Soil Moisture Retrieval in Winter Wheat Fields at Different Growth Stages: Integrating a Two-Component Polarimetric SAR Decomposition with CIEM
Author(s) -
Wenxin Xue,
Qinghua Xie,
Xing Peng,
J. David Ballester-Berman,
Jinfei Wang,
Jiali Shang,
Haiqiang Fu,
Jianjun Zhu
Publication year - 2025
Publication title -
ieee journal of selected topics in applied earth observations and remote sensing
Language(s) - English
Resource type - Magazines
SCImago Journal Rank - 1.246
H-Index - 88
eISSN - 2151-1535
pISSN - 1939-1404
DOI - 10.1109/jstars.2025.3595755
Subject(s) - geoscience , signal processing and analysis , power, energy and industry applications
Polarimetric SAR (PolSAR) offers strong volume penetrability, high resolution, sensitivity to surface dielectric properties, and the ability to acquire abundant ground target information, thus having considerable advantages in soil moisture (SM) inversion at the agricultural field scale. In recent years, numerous PolSAR model-based SM retrieval studies have been published.

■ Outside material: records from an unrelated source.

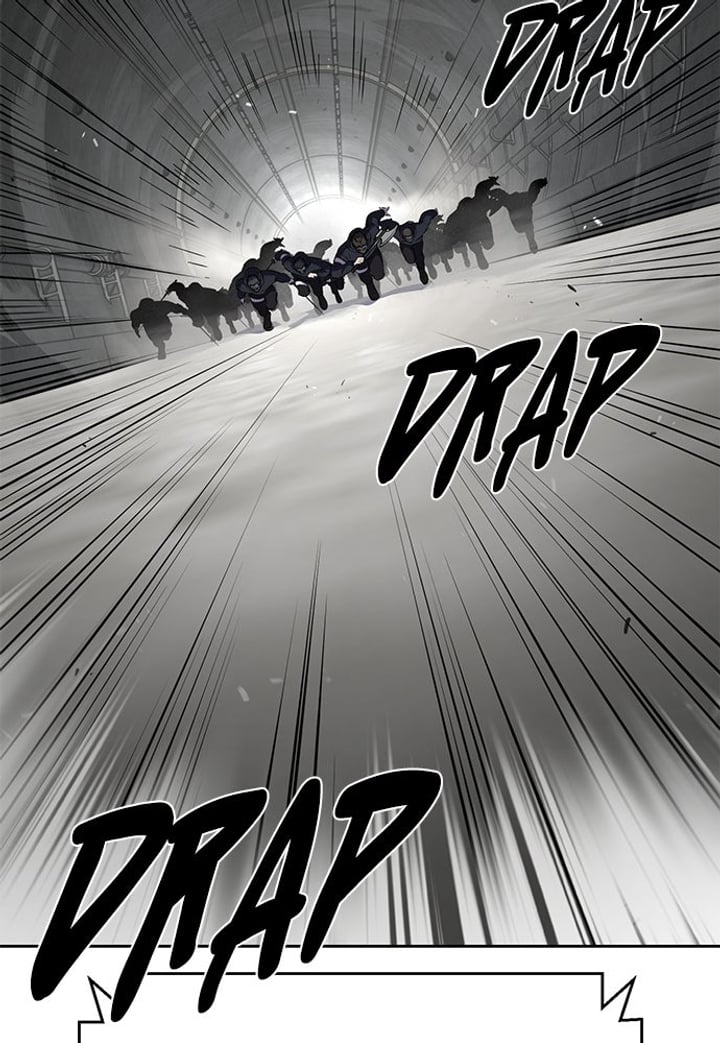 The Boy of Death Chapter 253 - Page 61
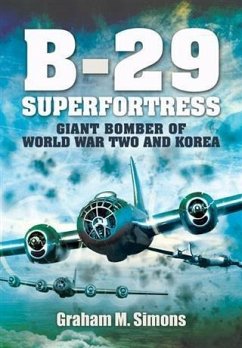 Cover B-29 (eBook, ePUB)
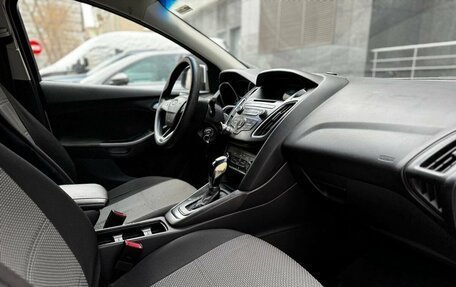 Ford Focus III, 2017 год, 675 000 рублей, 10 фотография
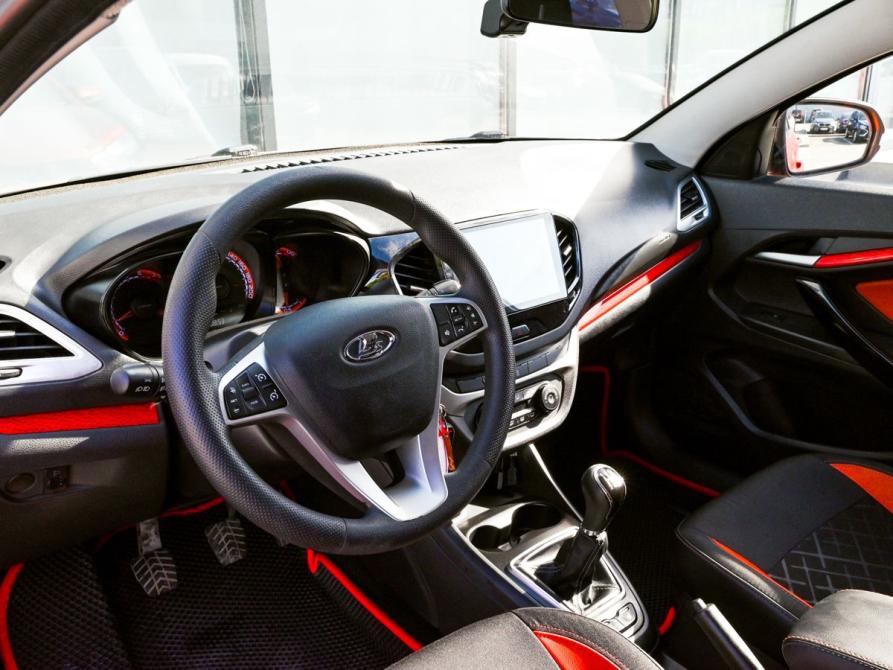 Lada (ВАЗ) Vesta I Екатеринбург  - изображение 15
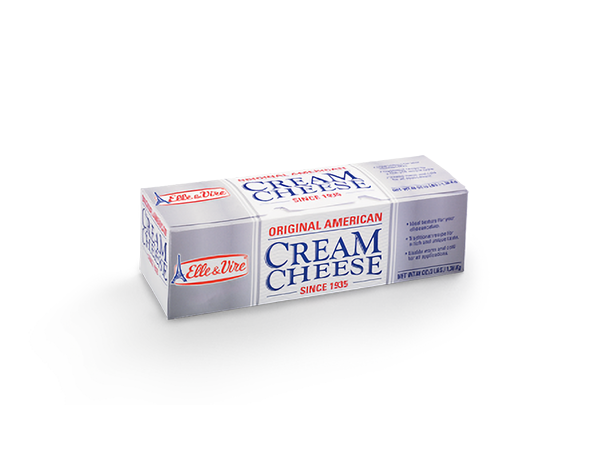 Orginal American Cream Cheese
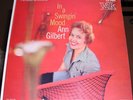 ANN GILBERT-IN A SWINGIN MOOD VIK 1957 DG VOCAL JAZZ NM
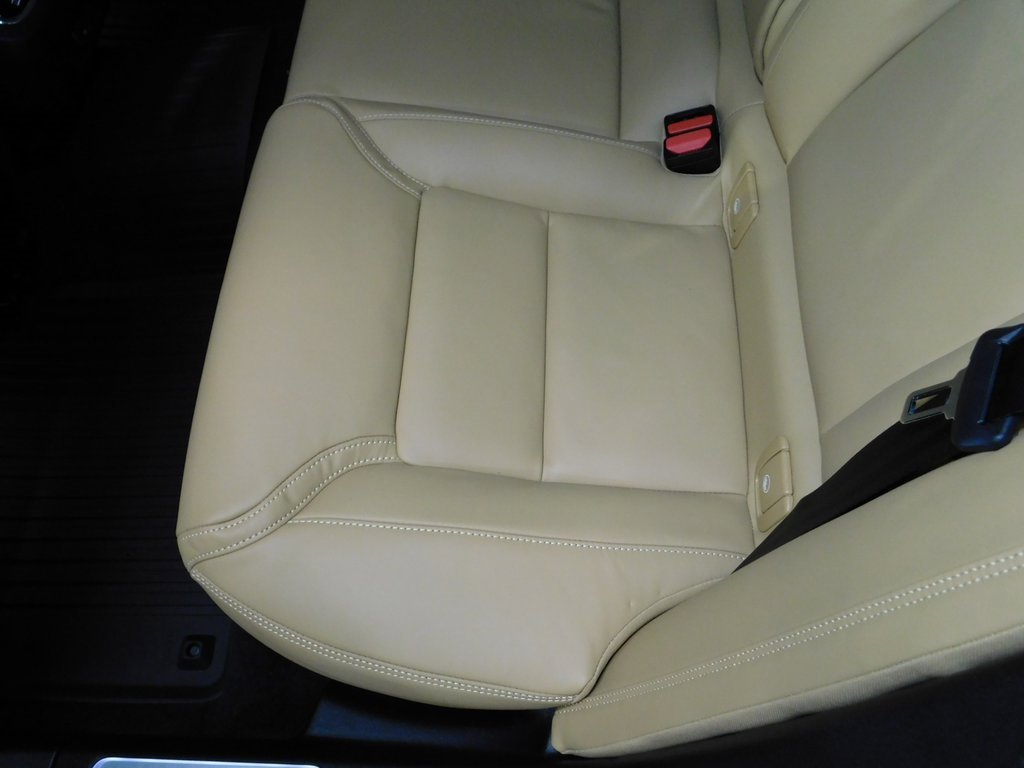 Used 2026 Volvo V90 B6 Cross Country Ultra image 72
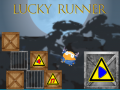 Παιχνίδι Lucky Runner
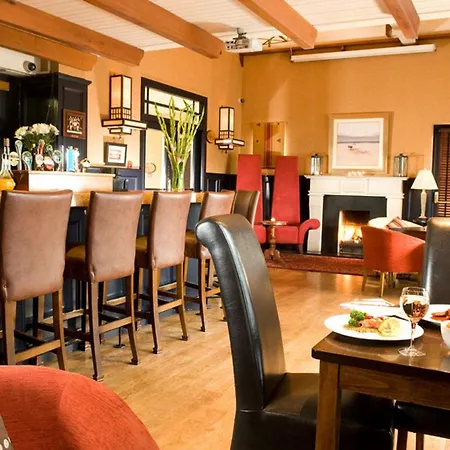 Hotel The Victoria Killarney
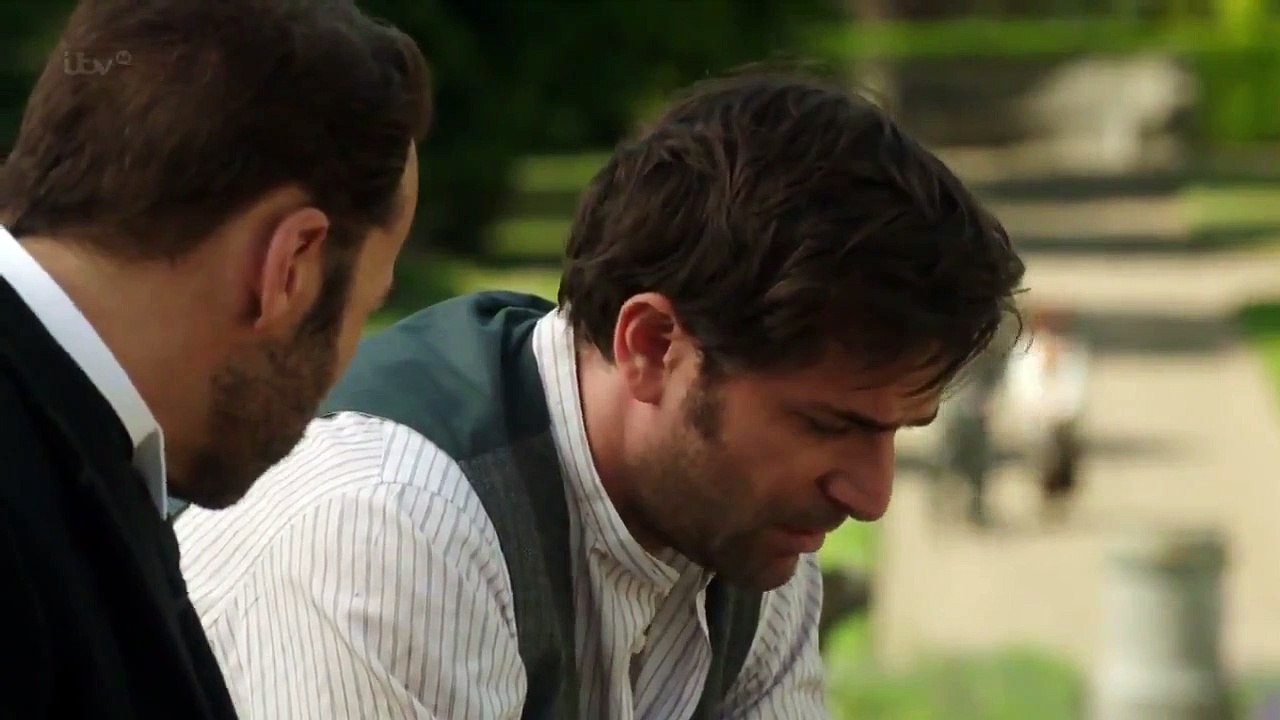 Mr Selfridge - Se3 - Ep04 HD Watch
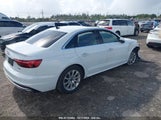 AUDI A4 PREMIUM 40 TFSI QUATTRO S TRONIC WAUABAF44MA077644 fotografie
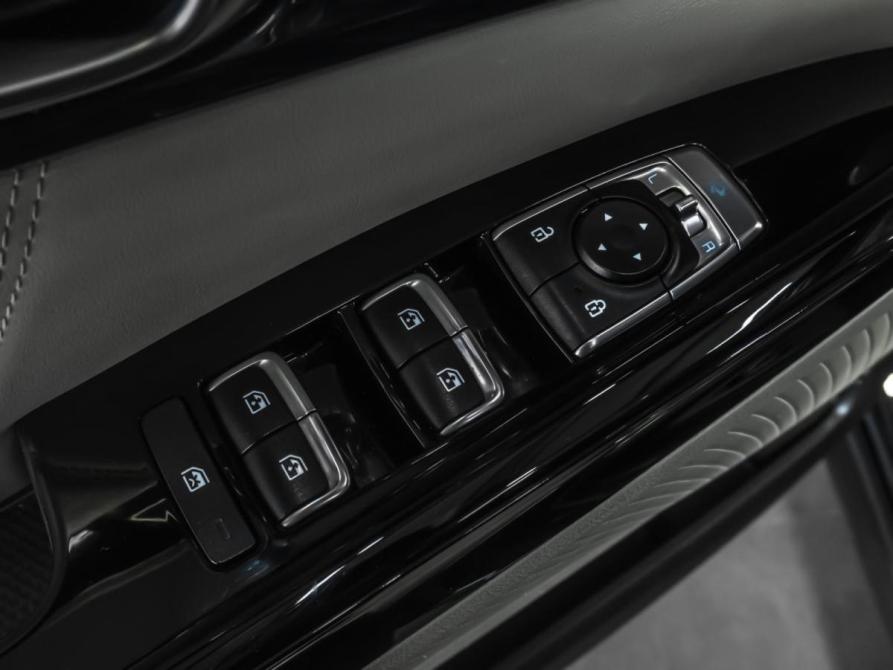 Kia Carnival IV Тюмень  - изображение 25
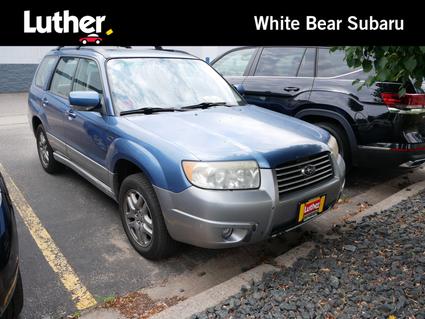 2008 Subaru Forester Saint Paul MN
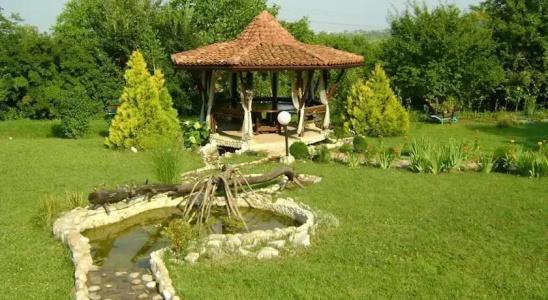 Park Djevana - 8
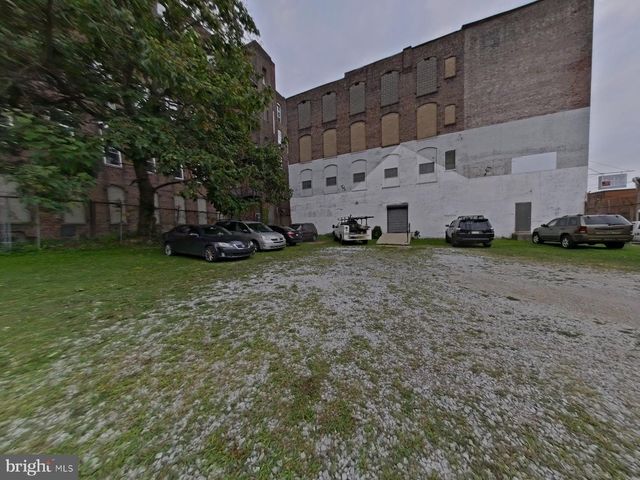 2842–52 & 2832–2840 ROSEHILL ST, Philadelphia, PA 19134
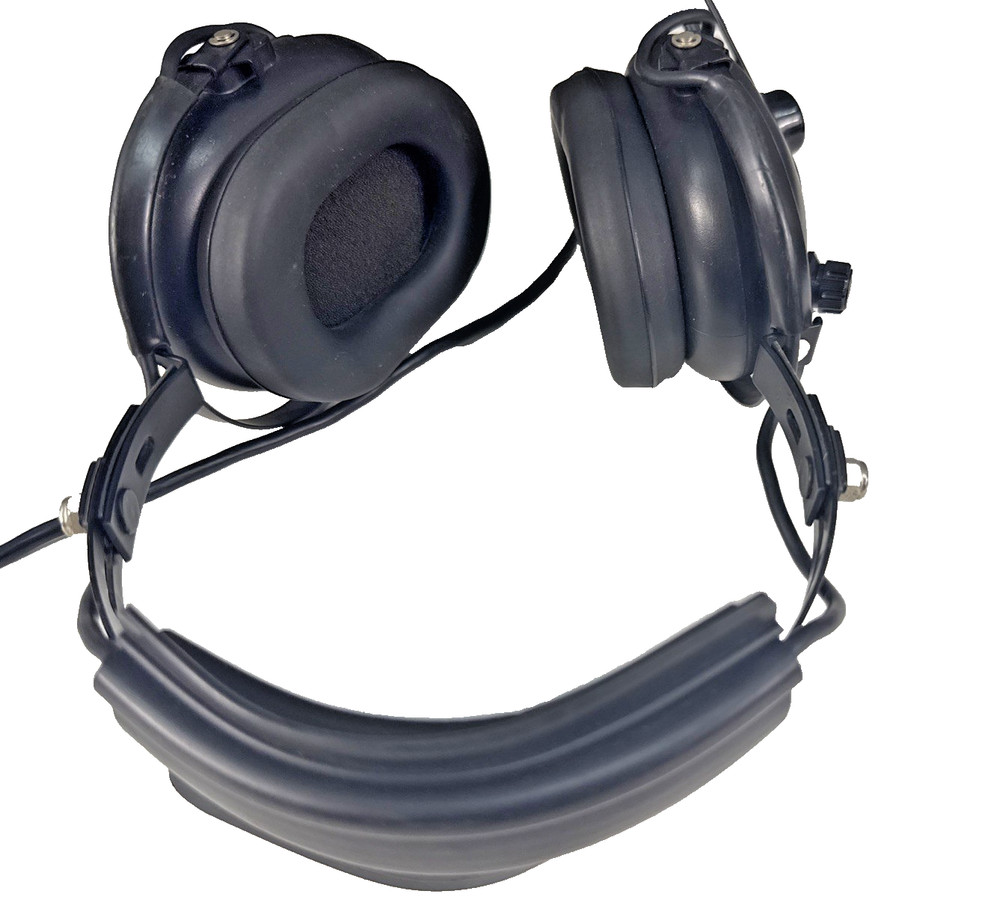 Flightcom Aircraft Headset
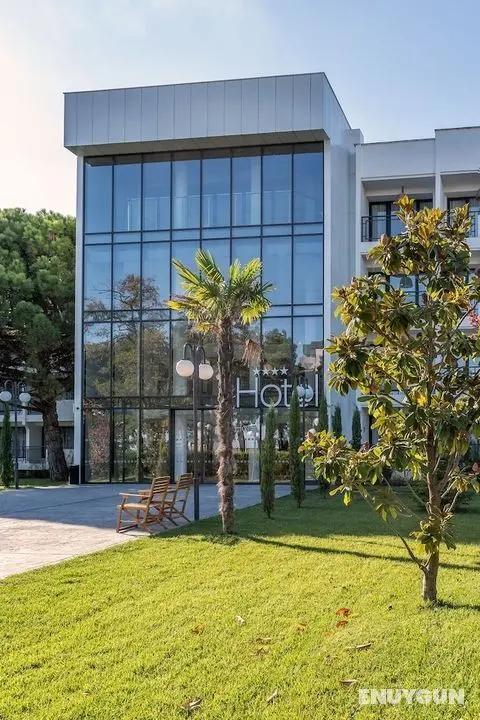 iHotel Sunny Beach - Öne Çıkan Resim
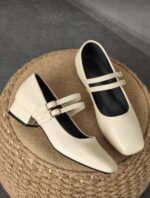 ⁦حذاء نساء أنيق⁩ - الصورة ⁦4⁩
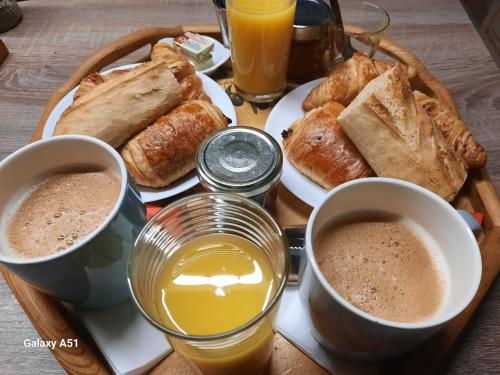 Φαγητό σε οργανωμένο κάμπινγκ ή κάπου εκεί κοντά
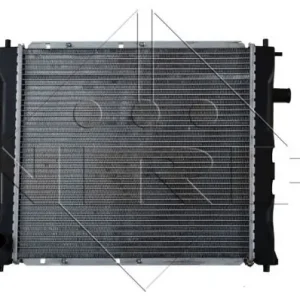 Chłodnica silnika NRF 58107 EAP8121 Ostatnie sztuki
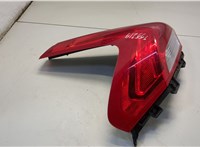  Фонарь (задний) Volvo V40 2012-2020 20698783 #3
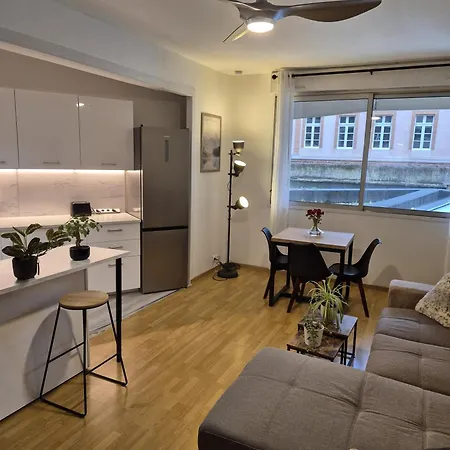 - Cosy - Hypercentre Appartement Toulouse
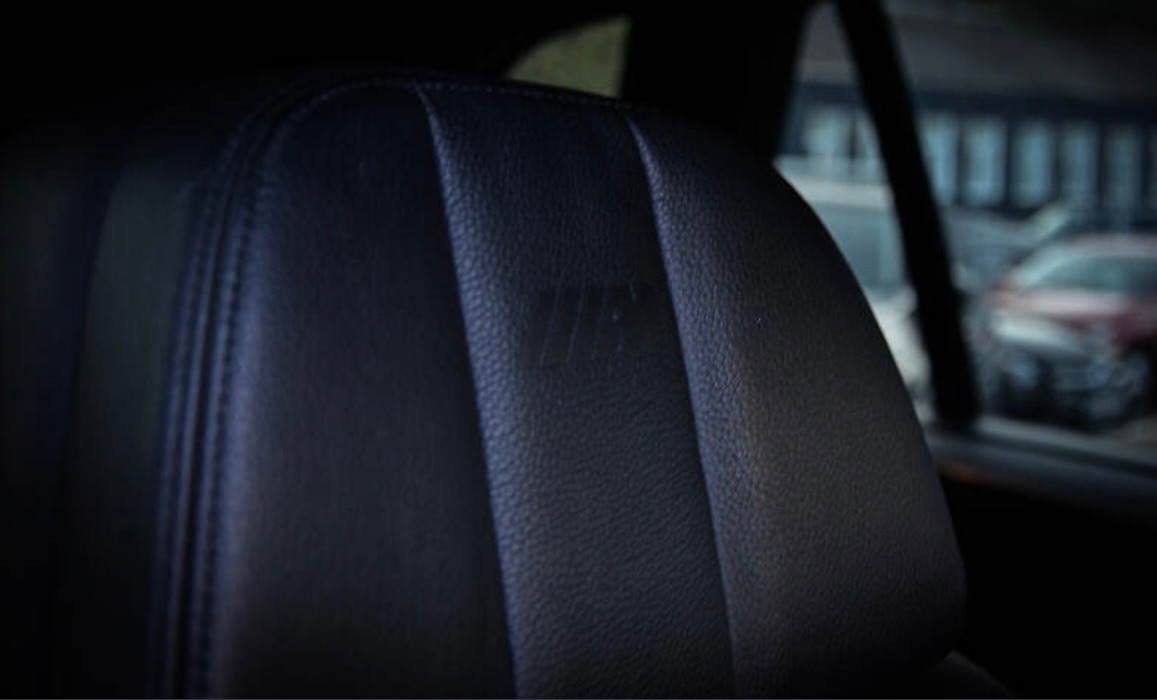 BMW X5 M - фото 9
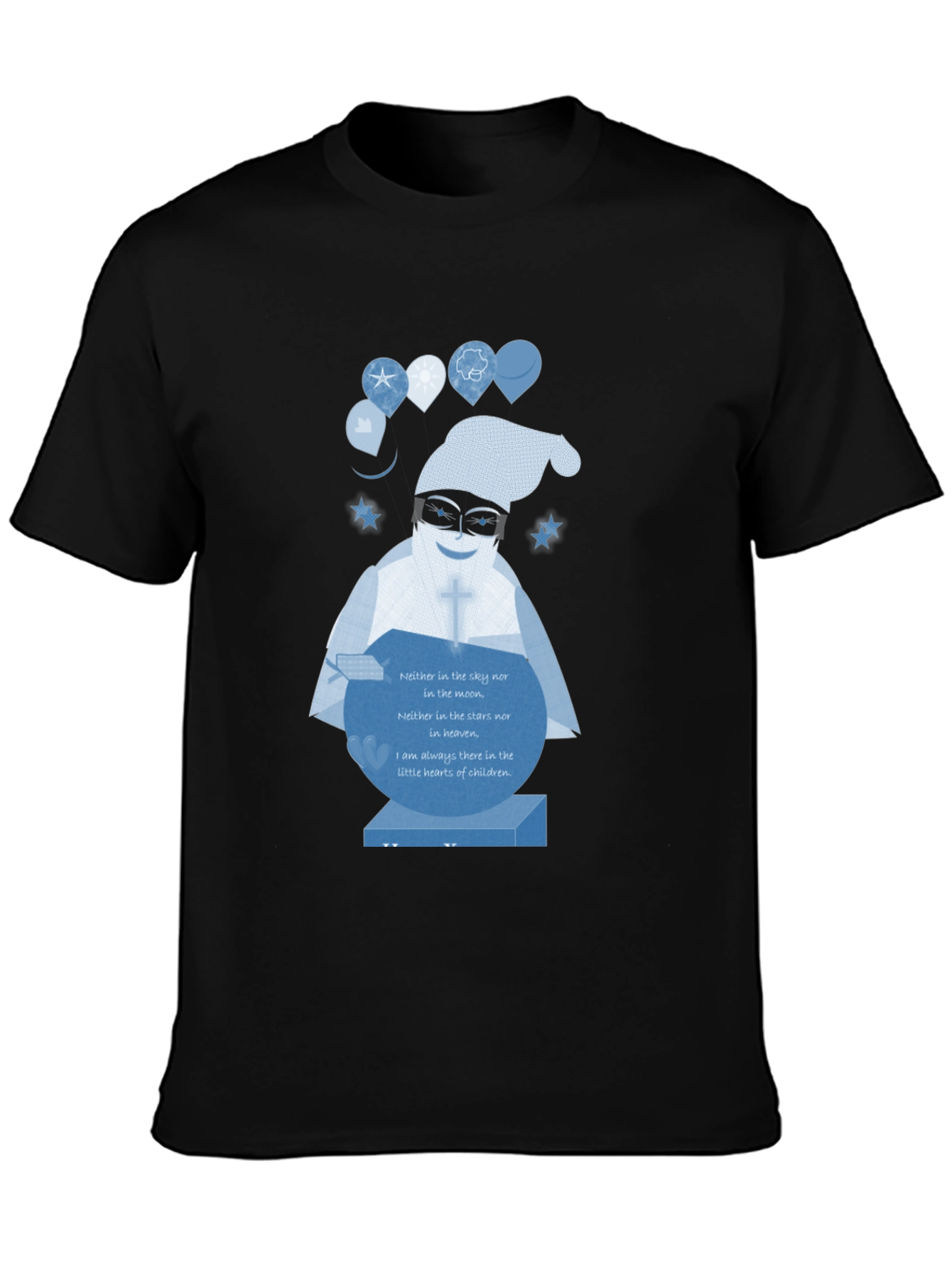 Celestial Dream T-Shirt
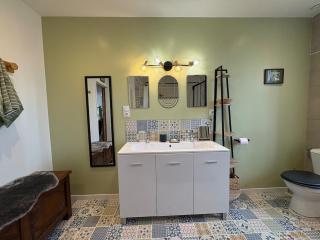 Authenticity and friendliness - 5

Nevertheless, there is no consensus within the SAR community when it comes to the identification of those existing physically-based models and algorithms providing the best performances in terms of accuracy, reproducibility, complexity and generalizability (i.e. its application to different crops and growth stages). This paper contributes to the current body of literature on radar-driven SM retrieval approaches by proposing an integrated C-band two-component polarimetric decomposition method applied on winter wheat fields. The proposed technique is built on existing vegetation and soil surface microwave models, therefore, the outcomes of the present paper shed light on the applicability and robustness of such models. Two X-Bragg surface scattering models with broader roughness adaptability and three generalized volume scattering models (namely, the Generalized Volume Scattering Model (GVSM), the Simplified Adaptive Volume Scattering Model (SAVSM) and the Simplified Neumann Volume Scattering Model (SNVSM)) were incorporated into the decomposition framework to mitigate vegetation effects and isolate the surface scattering component. Then, the soil moisture was obtained by combining the calibrated integral equation model (CIEM) with the derived optimal roughness parameter. The performance analysis was conducted by using C-band fully-polarimetric RADARSAT-2 images acquired in 2019 over winter wheat crops in southwestern Ontario, Canada. Experimental results evidence that the proposed methodology achieves a reasonable accuracy in soil moisture inversion. Notably, the X-Bragg model based on a zero-mean normal distribution combined with the SNVSM outperforms all other options with an overall RMSE of 6.17 Vol.% and a correlation coefficient of 0.53.